Just the other week, a young man ambushed me as I was strolling from Makerere University.
His pitch was simple and direct, he wanted me to immediately join him for a Bible study and if not, leave him with my phone contact.
Curious, I asked him which church he went to, a curiosity he responded to so casually as I also expressed my reluctance to participate in yet another spiritual endeavor outside a local church, in this case, a certain Korean NGO.
Unbeknownst to him, he had approached me the same aggressive way weeks before with the same pitch to join this Bible study.
In that first encounter, he’d even challenged me that if I was indeed content with the sufficient bible knowledge I claimed. I needed to give him an answer to the “spiritual meaning of a tree”, to which I almost sarcastically asked back, “well, what’s the spiritual meaning of leaves?”
But that was not the saddest part, the saddest part was my reflection of how many zealous believers in this country are too mobile to settle down, commit and remain faithful to a congregation. Know others and be known too.
Unlike in the early church, most modern Christian pilgrimage (literally speaking) is not compelled by persecution but by a consumer attitude (and often unmet spiritual hunger)
But since there is also a lot of spiritual merchandising in Uganda too lately, Church events that promise to meet the most ‘felt’ needs often earn our next presence.

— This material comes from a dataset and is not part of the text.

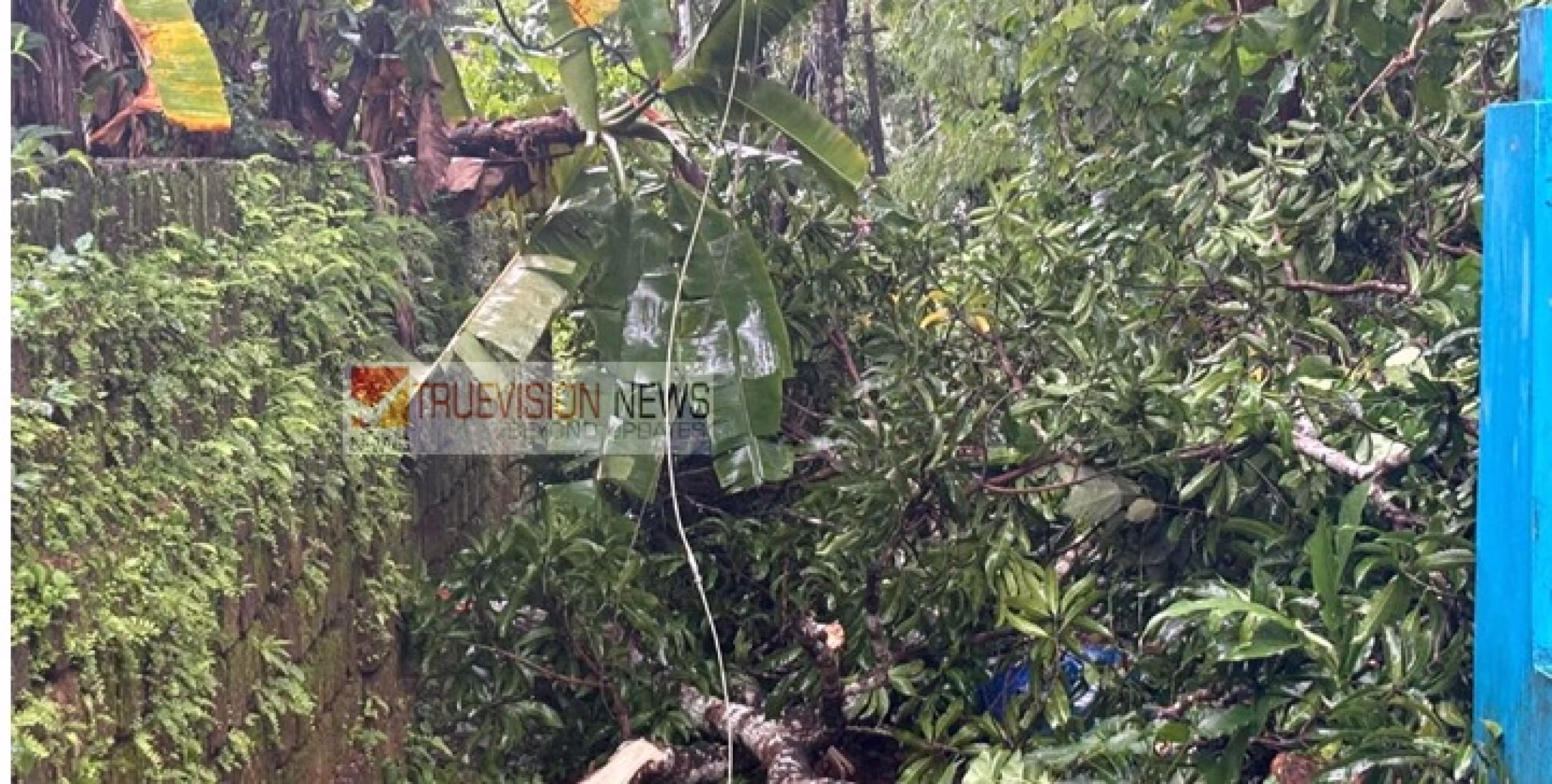 കരിയാടും, ചൊക്ലിയിലും ആഞ്ഞടിച്ച്  ചുഴലി ; വീടുകൾ തകർന്നു, ലക്ഷങ്ങളുടെ നഷ്ടം, വൈദ്യുതി ബന്ധം താറുമാറായി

Unable to endure under any spiritual accountability or authority, we move from congregation to congregation long enough to say hi and short enough to close off any curiosity as to whether we may be sleeping with the boyfriend, or girlfriend.
As a result, the church’s pivotal role in discipleship and evangelism is defeated by believers often on the go, ironically.
According to 2 Tim 4:3, The search for the next spiritual high is characteristic of a people with itching ears. As Paul explains to Timothy, it’s often when we can’t endure sound doctrine that we also continue to accumulate “teachers to suit our desires.”
Nowhere does the entire New Testament model mobile believers (except for church planters and the persecuted), in fact, ordinances like holy communion and baptism, even church discipline are not partaken in transit.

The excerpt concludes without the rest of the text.